Ok, i'll confess, this past weekend I allowed myself to live like i did in my 20's and did some not so awesome things for my brain. It's like I put dirty, unstable oil in my car, it was not the best choices for the internal mechanisms that propel it. Thank goodness this is not my lifestyle. If it was, sooner or later, smoke would start rising up out of the hood.

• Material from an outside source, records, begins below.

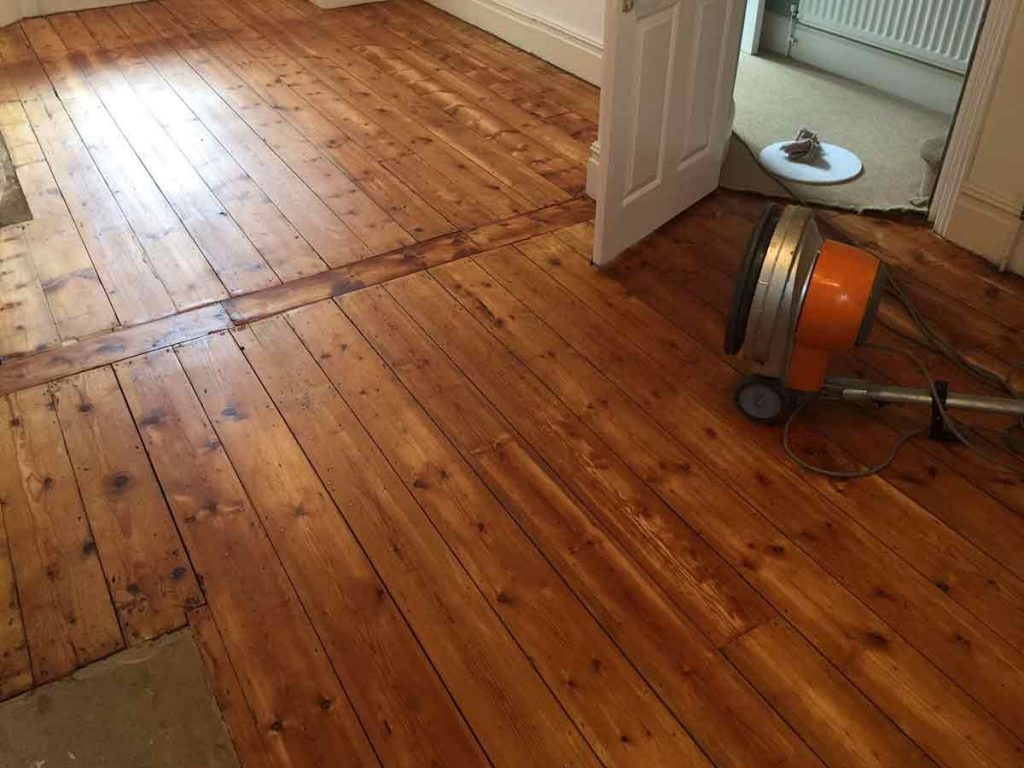 After wood floor sanding and oil finishing in Exeter home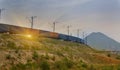 Freight train passing by on sunset Royalty Free Stock Photo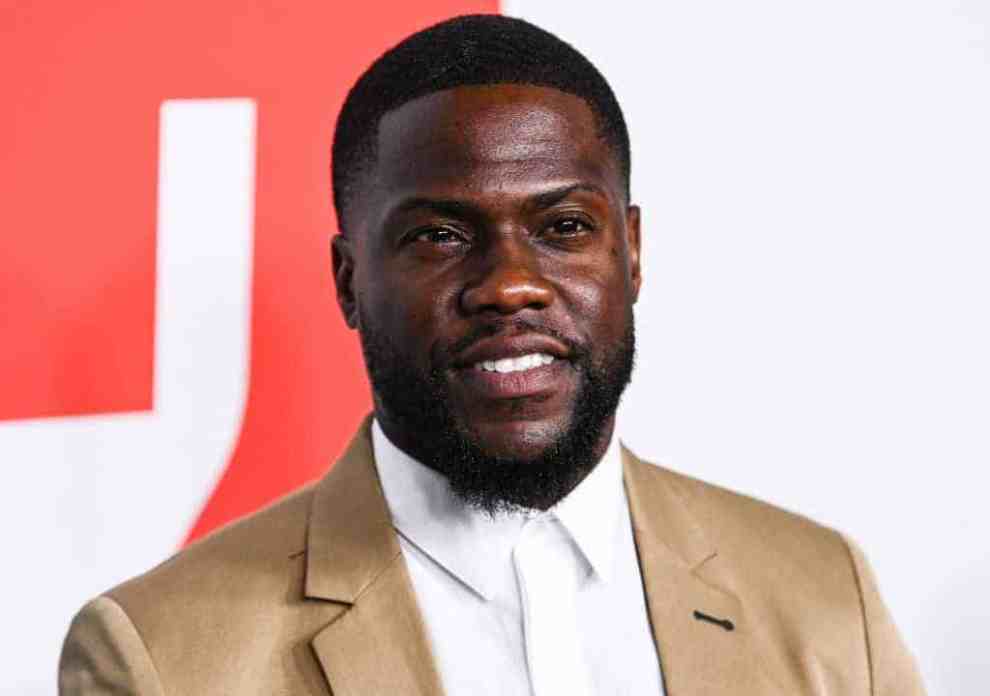 Kevin Hart wearing gold and white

You've heard that "you are what you eat. "Which means how well you function relies on the quality of the food you put into your body and this even includes what your food eats. When you’re digging into a burger or ribeye steak, you’re ingesting whatever that cow ate, be it grass, skittles or corn. No other organ demonstrates this truth better than the brain. The average human brain is about three pounds, which, for a 150-pound person, makes the brain just two percent of total body weight. But despite its small size relative to your overall body weight, the brain uses a whopping twenty percent of the oxygen in your body, meaning twenty percent of the calories you consume are used by that potentially powerful brain.

Every single organ of your body is comprised of billions of cells. And every living cell in your body has a membrane around it that’s responsible for allowing things in and out of the cell so it can function properly, like a well-oiled car engine. These cell membranes allow things like hormones and nutrients into the cell, and waste products like toxins out of the cell. Although there are other components, your cell membranes are comprised primarily of fats that you get from food. This means that the state your cells, how flexible the membranes are, and how permeable they are to nutrients is utterly dependent on the type and amount of fats you get from your diet.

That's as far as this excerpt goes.